Kerry Spencer said the picture was taken at Provo Town Center Mall in Provo, Utah, when her son, Samuel Spencer, was one year old. Samuel is now 13.

Spencer had been sharing the picture every year on Facebook, but on the advice of author friend Mette Harrison she decided to tweet the picture this time around.

To her surprise, users took to the post and it was retweeted more than 6500 times and gained more than 25,000 likes at the time of writing.

According to a report in Fox affiliate KDVR, Spencer said, “We taught our baby sign language. This is the sign for “help.” You’re welcome.”

Explaining the sign her son made, Spencer said, “In baby sign you go with what they do. We showed him the American Sign Language (ASL) version and this is what he did."

When some users pointed out that the sign the toddler was making wasn't exactly the "help" sign, Spencer defended it, saying it was a different variation of ASL.

“It’s ASL baby sign, so he is slightly “mispronouncing” the word, but it is the sign he always made when he needed help,” she responded.

Another Twitter user posted a picture and wrote, “This is how I signed help.”

Baby sign language (BSL) is the use of manual signing that allows infants and toddlers to communicate before speaking out.
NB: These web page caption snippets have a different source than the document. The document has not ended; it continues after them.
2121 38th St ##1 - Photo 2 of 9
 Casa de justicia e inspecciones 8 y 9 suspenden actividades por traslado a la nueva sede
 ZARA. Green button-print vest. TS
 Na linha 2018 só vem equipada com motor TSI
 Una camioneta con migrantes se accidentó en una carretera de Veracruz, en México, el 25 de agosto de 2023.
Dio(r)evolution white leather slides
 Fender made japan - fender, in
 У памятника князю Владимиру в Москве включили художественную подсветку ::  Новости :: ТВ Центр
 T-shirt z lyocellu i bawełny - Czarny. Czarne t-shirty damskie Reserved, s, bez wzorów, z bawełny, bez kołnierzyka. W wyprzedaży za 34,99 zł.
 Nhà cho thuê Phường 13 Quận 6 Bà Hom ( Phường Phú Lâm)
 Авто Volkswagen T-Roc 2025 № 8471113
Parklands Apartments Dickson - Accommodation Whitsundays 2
BSL has three major benefits:

  1. Practical: The child makes less fuss and it is more fun for the child to communicate easily.
  2. Emotional: BSL helps to create close bonding between the parent and the child.
  3. Cognitive: BSL boosts brain development and also helps in the long run for better understanding.

BSL also helps to improve self-esteem for both the parent and the child.

According to a report in the Psych Central, a research conducted by ASL interpreter Joseph Garcia showed that infants who are exposed to signs “regularly and consistently” at the age of six to seven months are able to use the signs effectively by the time they are eight to nine months old.

The report also explained that apart from ASL, Makaton is another system of sign language which consists of commonly used “key words,” manual signs and gestures.

It affirmed that the sign language helps in boosting communication and provides a “bridge to the spoken word.”

The report also focused on providing few tips on teaching sign language to babies.

  1. Teaching sign language should be started right when the infant is between six to eight months old.
  2. Along with the sign, the word for which it is used should be spoken aloud and there should be an eye contact with the child. It will become easy to teach if the signs are linked to objects, like a “ball.”
  3. The signs must be repeated on a regular basis so that the child remembers it.